- _Collected data_:
>>>>>

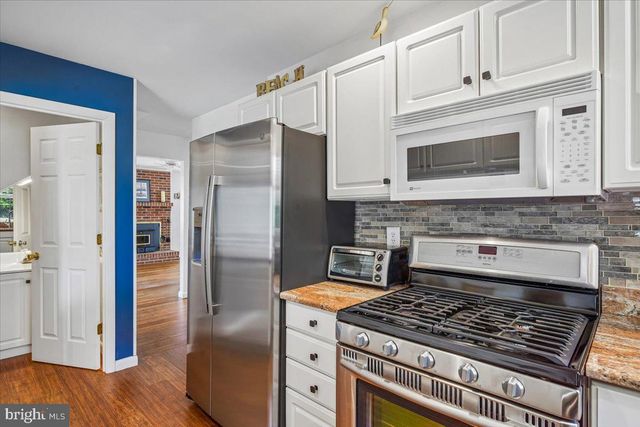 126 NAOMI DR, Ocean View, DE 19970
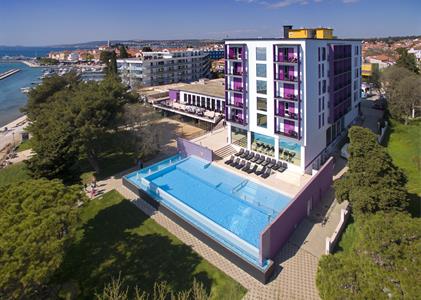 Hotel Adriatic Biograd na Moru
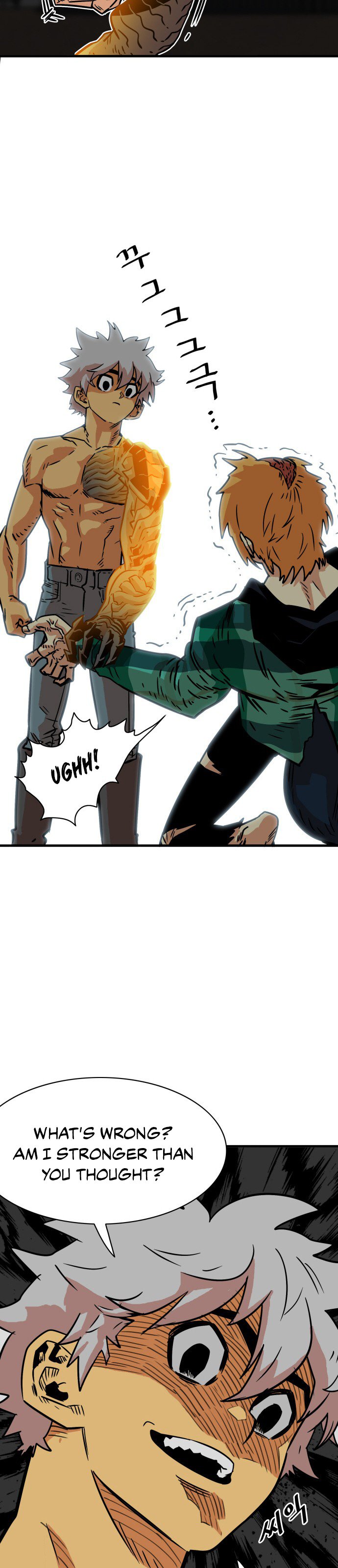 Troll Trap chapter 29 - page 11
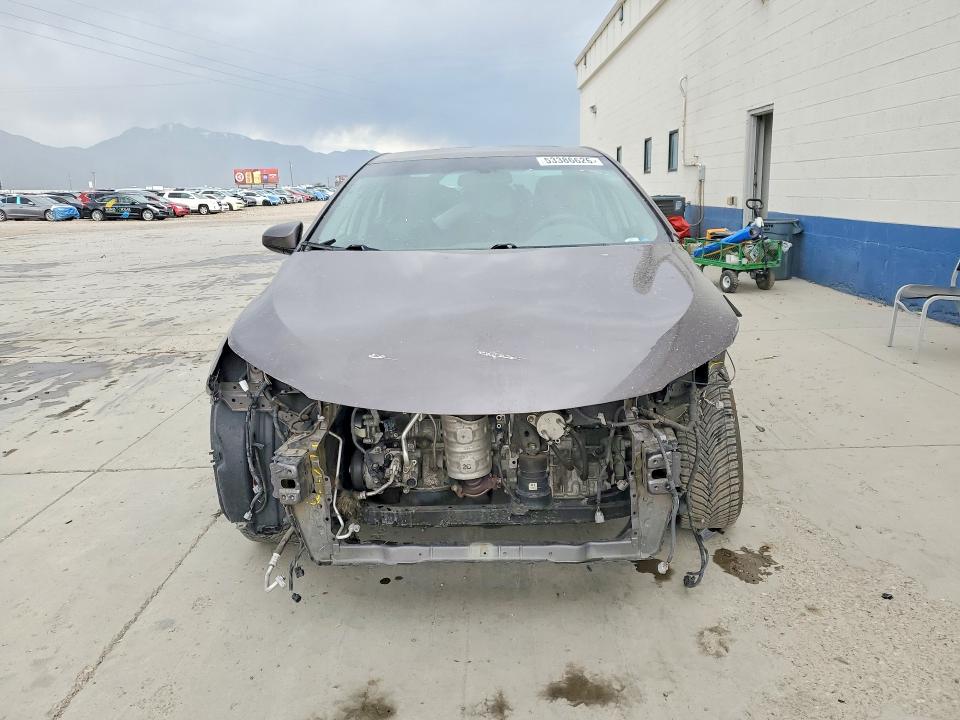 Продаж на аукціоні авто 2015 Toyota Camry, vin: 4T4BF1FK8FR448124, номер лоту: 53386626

<<<<<

- _Your goal_: Please transcribe the listing above verbatim and exclude every picture.

- _Written solution_:
 126 NAOMI DR, Ocean View, DE 19970
 Hotel Adriatic Biograd na Moru
 Troll Trap chapter 29 - page 11
 Продаж на аукціоні авто 2015 Toyota Camry, vin: 4T4BF1FK8FR448124, номер лоту: 53386626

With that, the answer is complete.